Then there was TV. The mid-60s gave us The Outer Limits, The Addams Family, The Man From Uncle, Time Tunnel, Get Smart, Combat, McHale’s Navy, and maybe a dozen other shows that captured the imaginations of millions of young boys, including the aforementioned Hogan’s Heroes.

That was our world. Why would any of us want to read books?

Oh, sure, I read stuff; comic books, Mad Magazine, Saturday Evening Post, The Detroit News, and from time to time “normal” books about stuff that really fascinated me. Books like Frank Edwards’ Stranger than Science or Mac Davis’ Sports Shorts: Astonishing, Strange, but True. But for anyone to plop some “classic” book down in front of me was like a Baby Ruth in the swimming pool—a good thing, but in the wrong place at the wrong time guaranteed to repel me.

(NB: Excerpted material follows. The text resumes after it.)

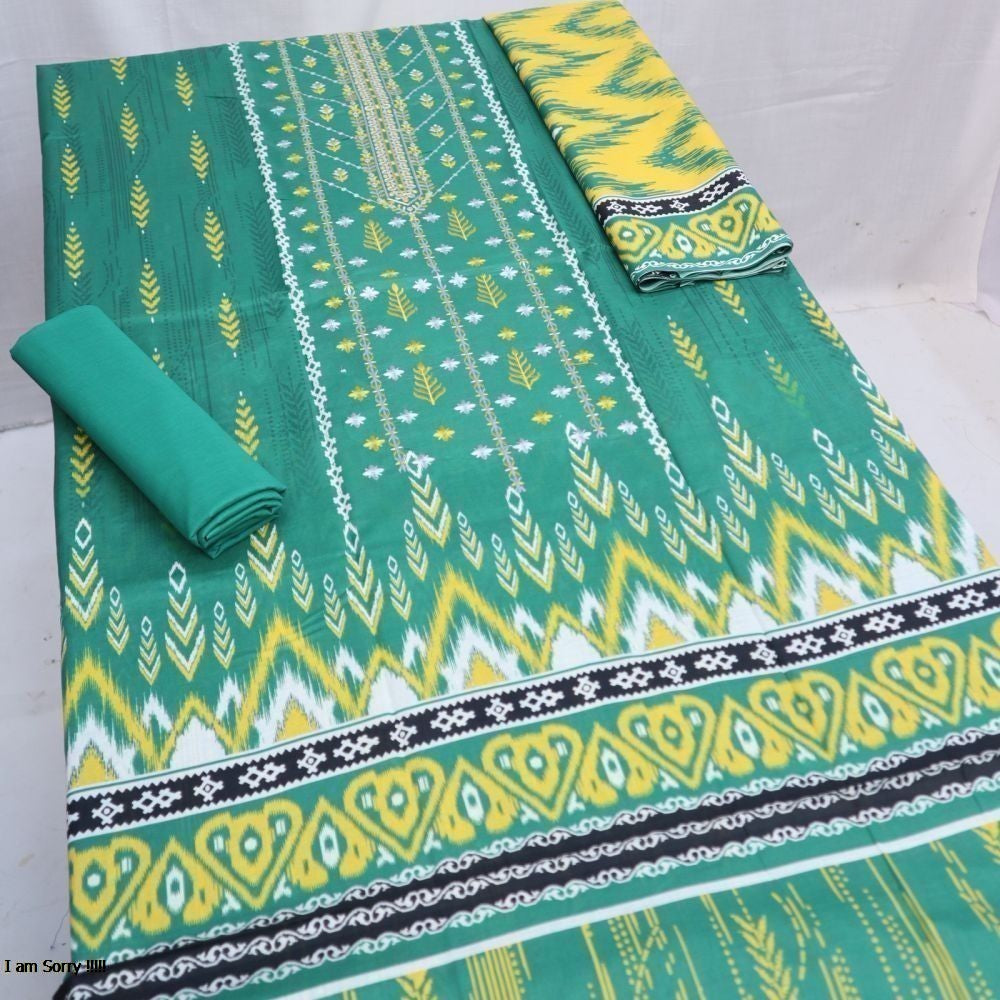 Lawn Neckline Embroidered (1333-006) Shahi Jora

Prior to fifth grade (the year our teacher told us where we could all go), the relationship between Mrs. Shay and me was as sweet as puppies and cookies. I impressed her with my reading ability, and she impressed me with her willingness to leave me alone to work independently in the library. But from the fall of 1964 until I left Oxford in June of 1966, a combination of events and interactions began to transform our mutual perceptions.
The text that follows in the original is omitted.